LAHORE: Every year trade associations send recommendations to the Finance Ministry that would generate growth in respective sectors but ministry rejects these assuming vested interests, experts have said.Some of these recommendations are based on vested interests but a number of recommendations have a rationale for growth in these sectors and

By Mansoor Ahmad
May 24, 2015

LAHORE: Every year trade associations send recommendations to the Finance Ministry that would generate growth in respective sectors but ministry rejects these assuming vested interests, experts have said.
Some of these recommendations are based on vested interests but a number of recommendations have a rationale for growth in these sectors and further job creation, they added.
The business community is perplexed these days thinking whether the upcoming budget would carry the signature of the bureaucracy or based on rational approach to spur sustained growth.
Senior economist Naveed Anwar Khan said the budget exercise does not include input from economic experts. The government is routinely short of funds and the bureaucracy puts forward taxation measures that are easy to implement and do not need tax collectors’ efforts.
He said sales tax for instance has been gradually increased from 12 percent to 17 percent as its collection at the import and manufacturing level does not require extra efforts by them.
Similarly, increasing central excise duty is an easy measure but these indirect measures are not limited to indirect taxes, as even the income tax is generated as withholding tax at import or manufacturing stage.
Since this also does not require efforts from tax collectors the rate of withholding tax is also periodically increased whenever additional taxes are required, Khan added.
Economist Faisal Qamar said increasing taxes is essential to running the affairs of country. However, higher taxes could still be collected if the businesses grow without any increase in tax rates. For instance, the tiles manufacturers have pointed out time and again that tiles from China are being imported at highly under invoiced value.
He said China enjoys duty concessions on tiles under the FTA and now the government is planning to further cut duties on tiles. ‘In presence of uncontrolled under invoicing the local production of tiles would further suffer and cost few thousand jobs,’ Qamar said, adding that if under invoicing is controlled with the assistance of technology the local production would double and jobs would be added in the sector.
He said poultry sector is in turmoil because the processed chicken meat is being imported at concessional rates from China and Malaysia and at the same time the domestic poultry processors are being subjected to heavy taxes on the imported inputs needed to process meat.
This, he added, is an anomaly that has existed since 2012. This has encouraged the multinational fast food chains to import meat instead of buying it locally.
Three years back these food chains were buying the meat from local manufacturers.
Market Analyst Amina Usman said that banks are lending money to the government and buying treasury bonds at KIBOR plus two percent, adding that this has crowded out credit for the private sector.
She said there should be a limit up to which the banks could tie their resources in government bonds that are risk free.
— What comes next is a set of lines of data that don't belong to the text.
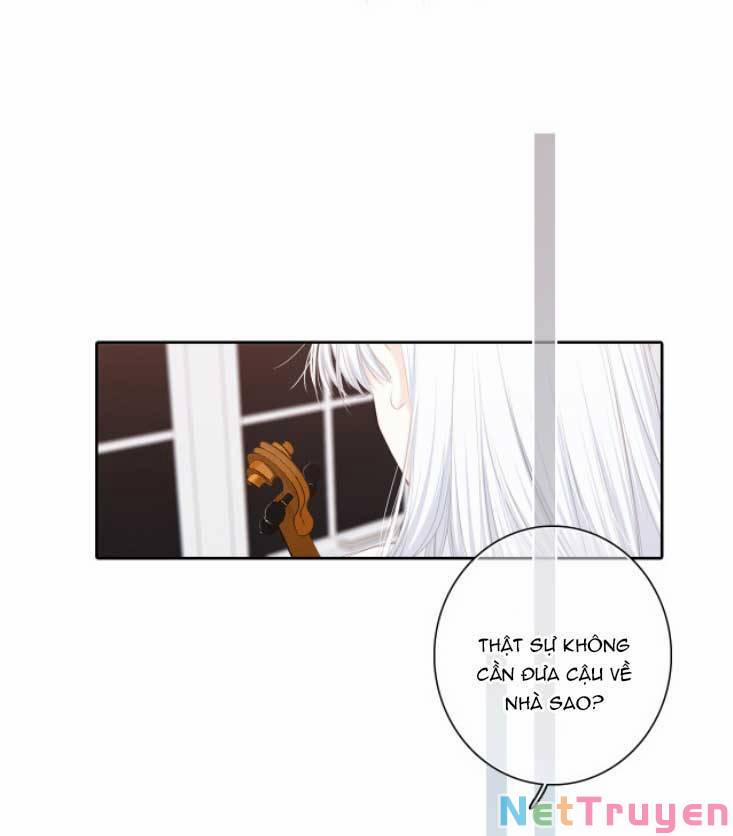 Con Tim Rung Động 3 27 trang 31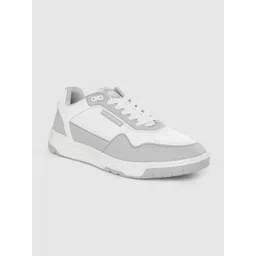 Aeropostale Men Colourblocked Sneakers-picture-32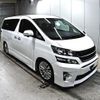 toyota vellfire 2012 CFJ1571554 image 1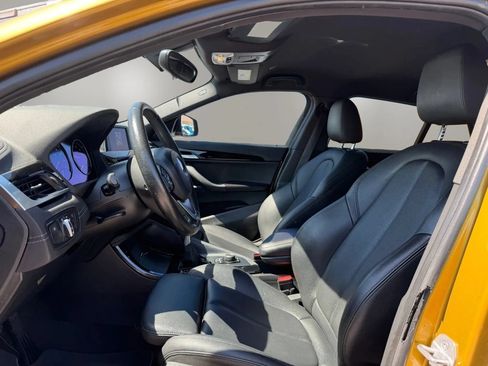 Used 2018 BMW X2 sDrive28i FWD image 11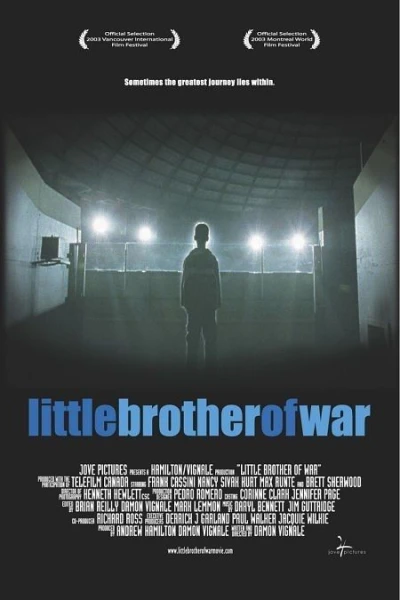 Little Brother of War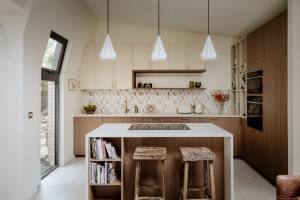 Architecture SOLIDOR - SOLIDOR Architecture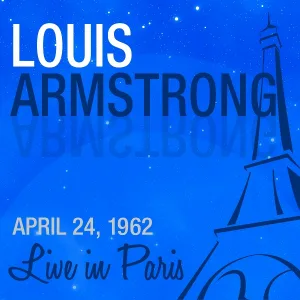 Louis Armstrong feat. Jewel Brown - St. Louis Blues (Live 1962) [feat. Jewel Brown]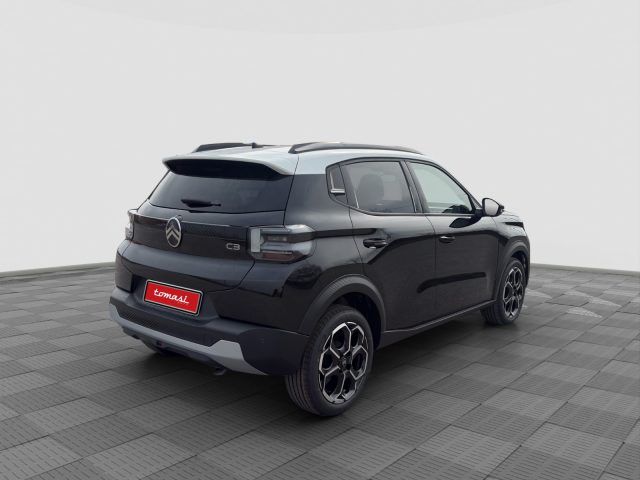 CITROEN C3 usata 4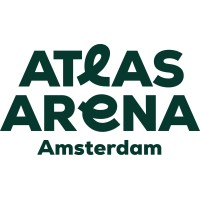 Atlas ArenA Amsterdam logo - Similar company to Brick Management B.V.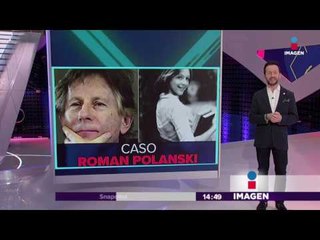 No dirán a Polanski cuál es su condena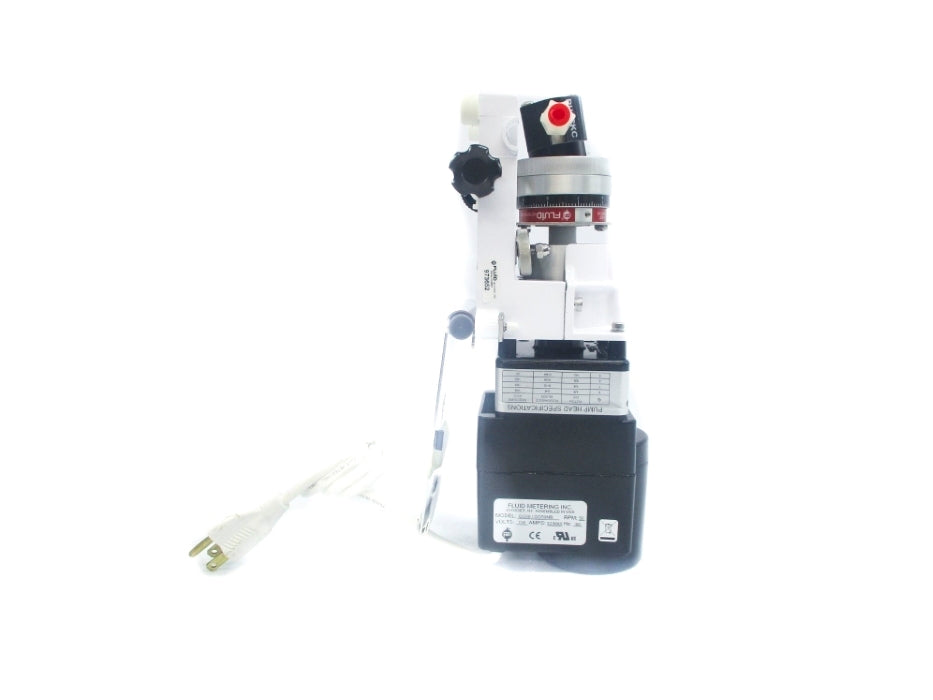FLUID METERING QG50/QG50MB NSNP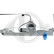Window regulator mechanism, Thumbnail 2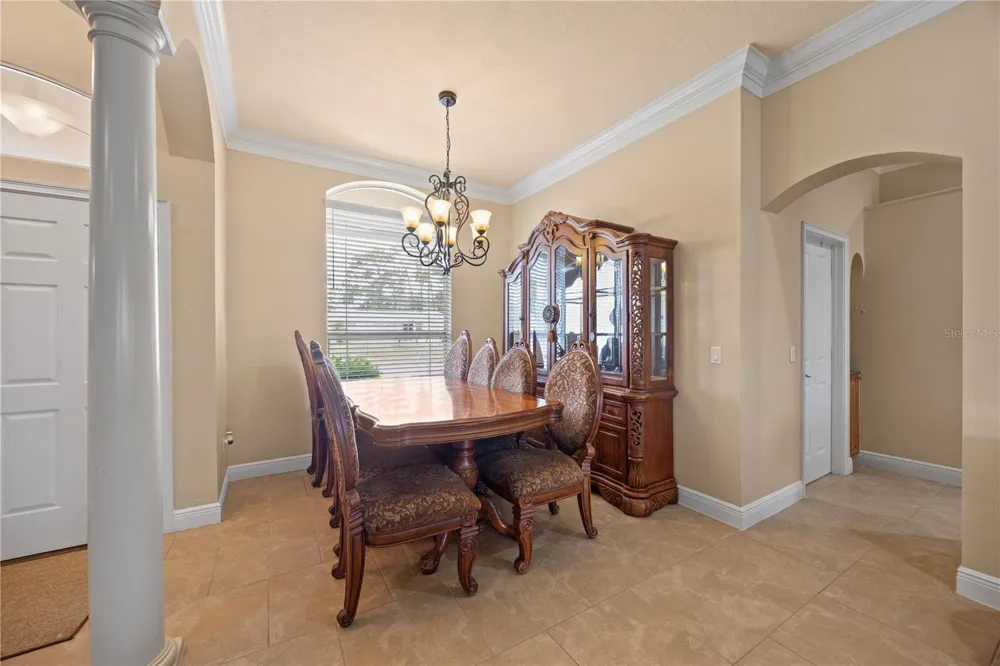 1276 RAMROD STREET North Port, FL 34287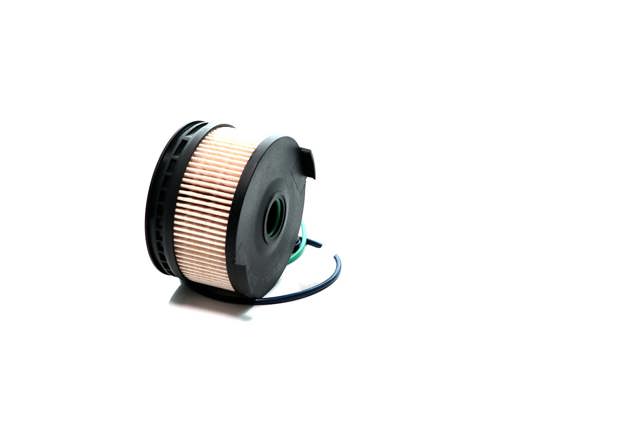 Фільтр тонкого очищення палива FE533KIT SHAFER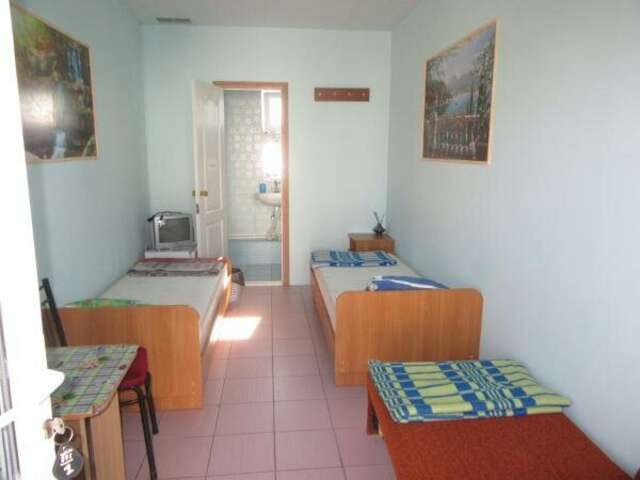 Гостиница Гостевой дом Садочек Севастополь-55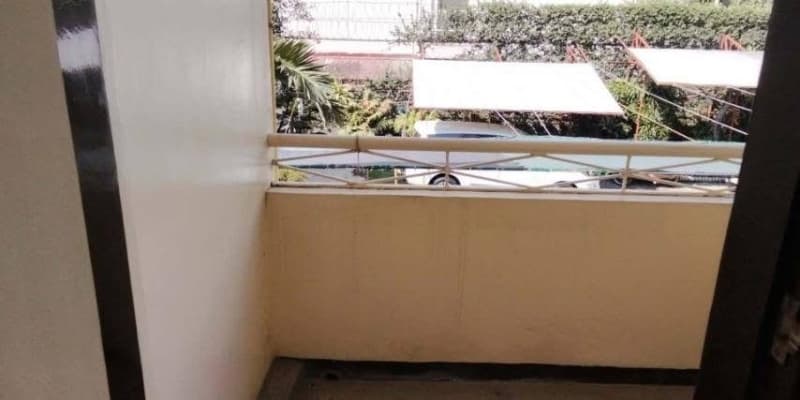 HOUSE FOR RENT 2 BEDROOM BARE UNIT ONLY - 11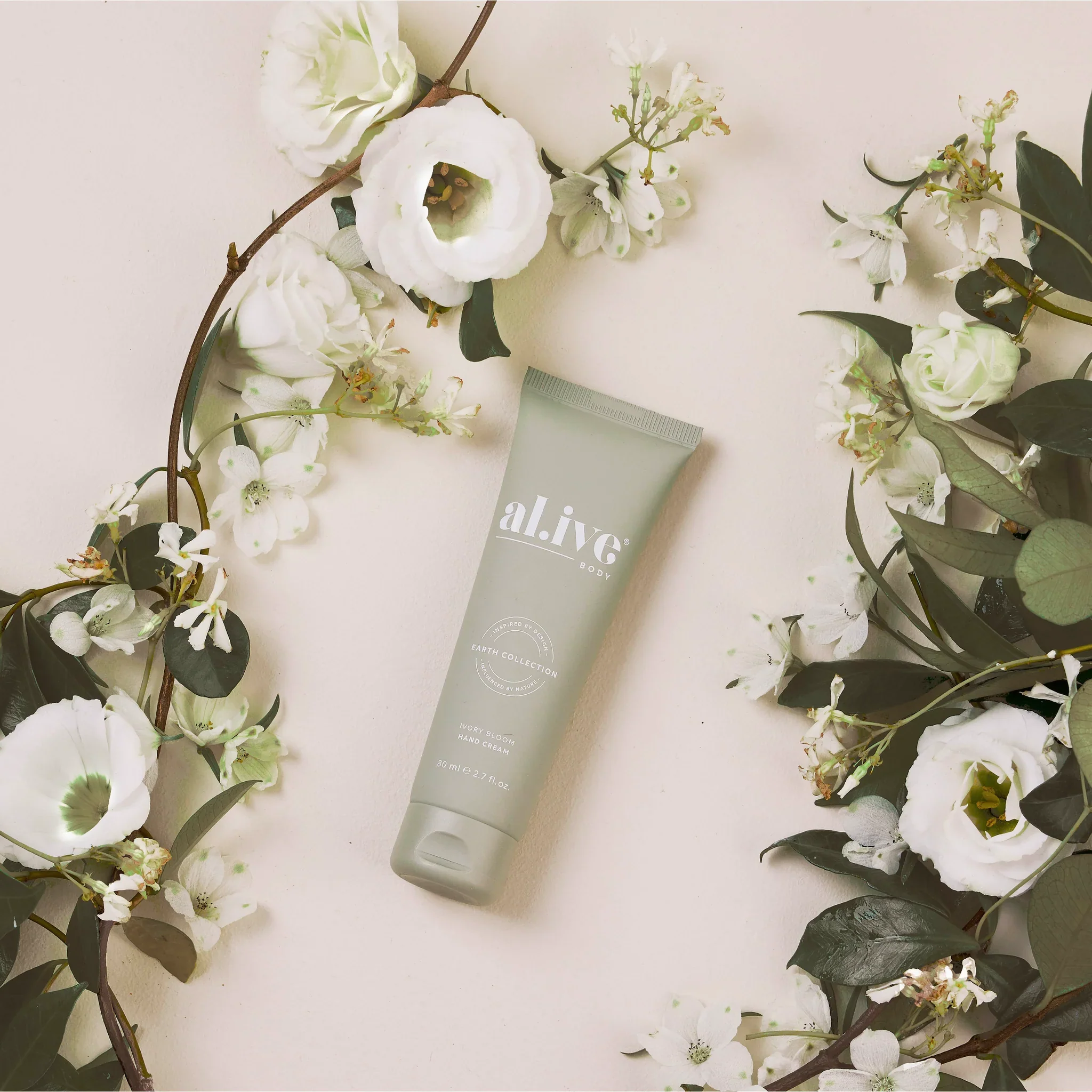 Hand Cream - Ivory Bloom - Image 2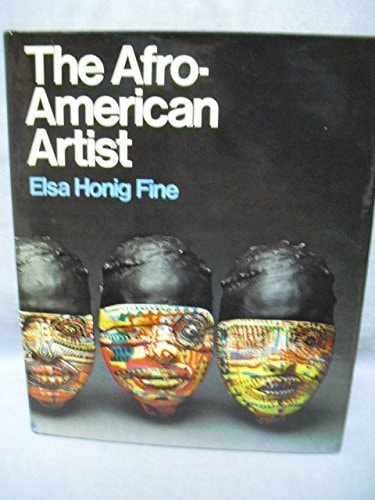 Afro-American Artists: New York and Boston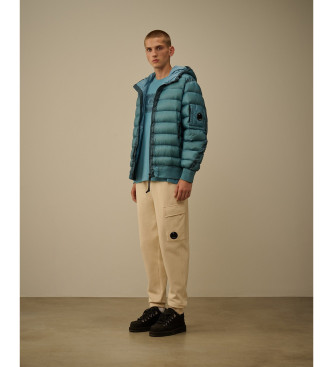C.P. Company Pantaloni cargo beige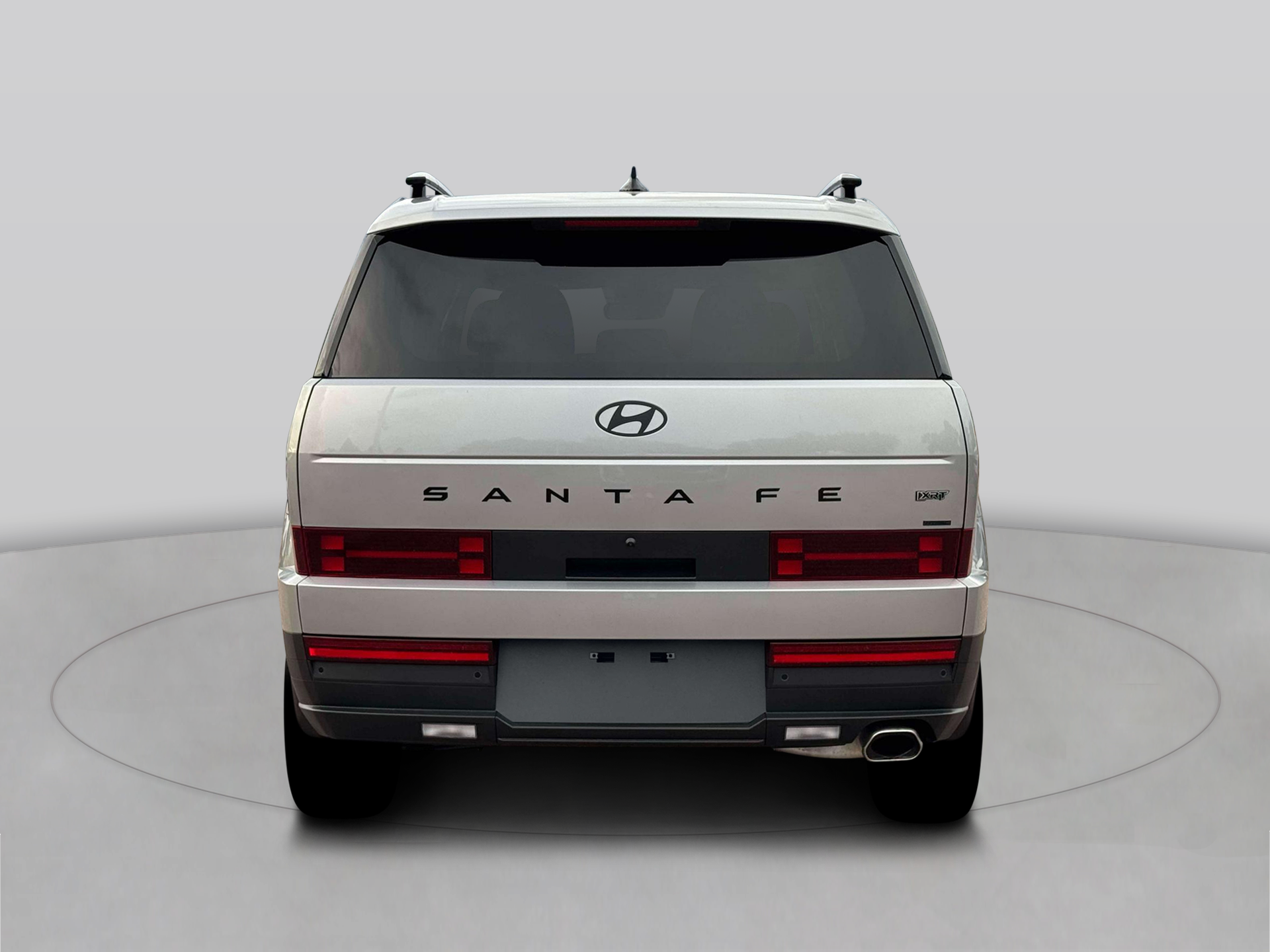 2026 Hyundai Santa Fe XRT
In the presence of risk free treasury bonds they do not need to take any risk as they are guaranteed a hefty profit, she added.
Usman said few years ago banks heavily indulged their resources in the stock market and were restricted by the central bank to reduce stocks exposure to 20 percent of their deposits. Similar restriction should be imposed on exposure to government bonds, she added.
Pakistani industry needs access to finance but large scale industries have withheld investments as they are not happy with the government policies. On the other hand, Small and Medium Enterprises (SMEs) that are the backbone of any economy are denied access to credit because of huge investment in government of Pakistan bonds.
A limit on exposure to government bonds would spare finance for SMEs that are the largest providers of jobs in the country, Usman added.